Foreign Policy Diversification

Zelensky puts more emphasis on economic diplomacy than his predecessor, seeking an influx of foreign investment into Ukraine. During his foreign visits, the president regularly meets with business representatives. What is more, in October 2019, on his initiative, an investment forum was organised in Mariupol. Zelensky also continues activities initiated by Poroshenko: in August 2019, Ukraine signed a free trade area agreement with Israel and continues negotiations on the conclusion of similar agreements with Turkey and the United Kingdom, and on the extension of the free trade agreement with Canada. The new foreign minister, Dmytro Kuleba, appointed in March, announced Ukraine’s intention to strengthen trade relations with Asian countries. The emphasis on economic diplomacy has so far not brought tangible results in the form of greater interest of foreign investors in Ukraine, mainly because of the country’s internal problems (e.g., high level of corruption).

Zelensky has followed through on declarations and taken steps to improve relations with Ukraine’s neighbours. In October 2019, the country consented to resume the search for and exhumation of Polish victims of 20th century conflicts on its territory, which improved the atmosphere in relations with Poland. At the same time, Ukraine started to adapt its laws on education and minorities to the recommendations of the Venice Commission, especially concerning teaching languages. This has resulted in a reduction of tensions in relations with Hungary, which is reflected in the resumption of the bilateral dialogue with Ukraine (including at the ministerial level) on, among other things, the unblocking by Hungary of the works of the NATO-Ukraine Commission.

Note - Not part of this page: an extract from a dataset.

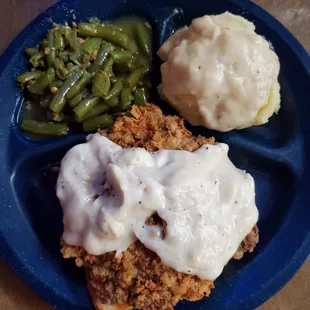 Chicken Fried Steak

The current Ukrainian leadership, like the previous authorities, express interest in regional cooperation with neighbouring countries, especially Poland, for example, on the construction of the Via Carpatia route, the E40 waterway (to connect the Black and Baltic seas), and in LNG imports from the U.S. through Poland. In August 2019, Ukraine signed a tripartite memorandum with Poland and the U.S. concerning energy cooperation. However, the Ukrainian authorities consider the project of a Ukraine-EU Energy Bridge, lobbied for by their predecessors during Poroshenko’s presidency, to be off the table.

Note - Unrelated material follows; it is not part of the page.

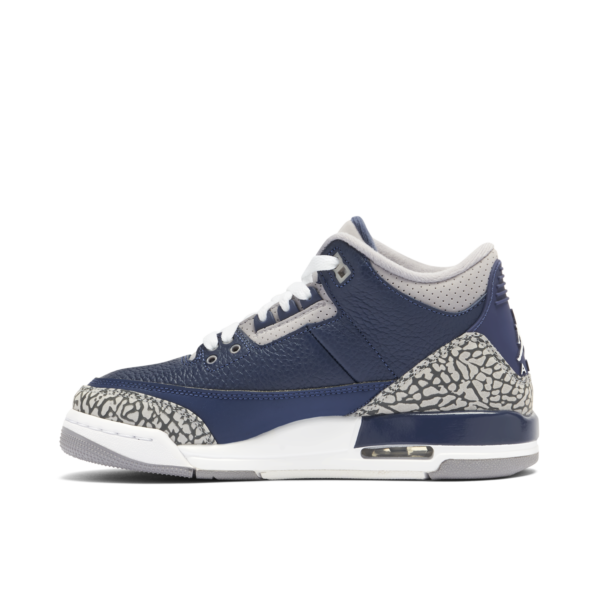 Jordan 3 Retro Georgetown (2021) (GS) 398614-401 - Brosneaker photo 2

Despite the lack of progress in negotiations with Russia on the situation in Donbas, resolving the conflict will remain a priority of Ukrainian foreign policy. Ukraine will continue bilateral talks with Russia, as well as those under the Normandy Format and the Trilateral Contact Group in Minsk. If these formats prove to be ineffective, it will seek new ones, possibly with the participation of the U.S. Zelensky will try to achieve further short-term successes (e.g., exchange of prisoners), but it is unlikely that he will agree to the Russian conditions for the Donbas elections, insisting on the withdrawal of Russian troops and full control of the Ukrainian border with Russia. For this reason, the Russian authorities will probably try to halt the negotiations while shifting the blame for “sabotaging” the Minsk agreements to the Ukrainian authorities.

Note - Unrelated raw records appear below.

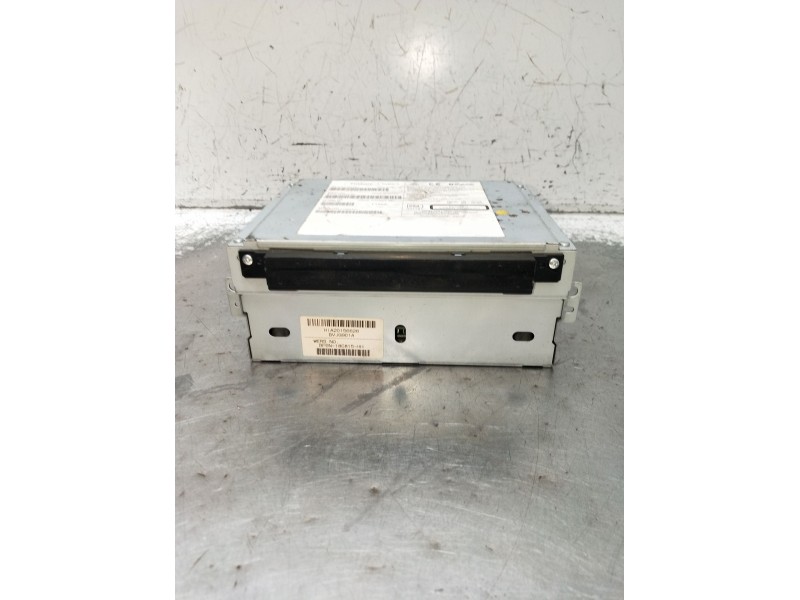 Recambio de sistema audio / radio cd para land rover range rover sport v6 td s referencia OEM IAM BVJG901A BF6N18C815HH 2010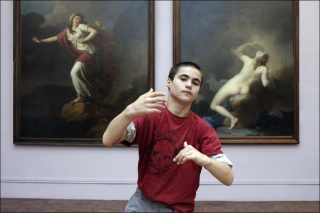 Maloyn Chatelin, Acte 31, photo, Denis Darzacq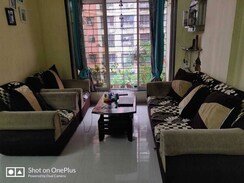 1 BHK Apartment For Rent in Bhoomi Park II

Ukraine will continue its policy of integration with NATO and the EU. In the short to medium term, however, due to the economic effects of the COVID-19 pandemic, the pace of Ukraine's implementation of the provisions of the Association Agreement and sectoral integration with the EU may slow down. This may result in postponing talks on the renegotiation of the terms of trade cooperation with the EU and the conclusion of the ACAA, as well as limit Ukraine’s participation in NATO and EU initiatives (e.g., NATO exercises, EU Green Deal). The pandemic-induced economic crisis in Ukraine also may prevent the country from implementing infrastructure and energy projects with its neighbours, including Poland.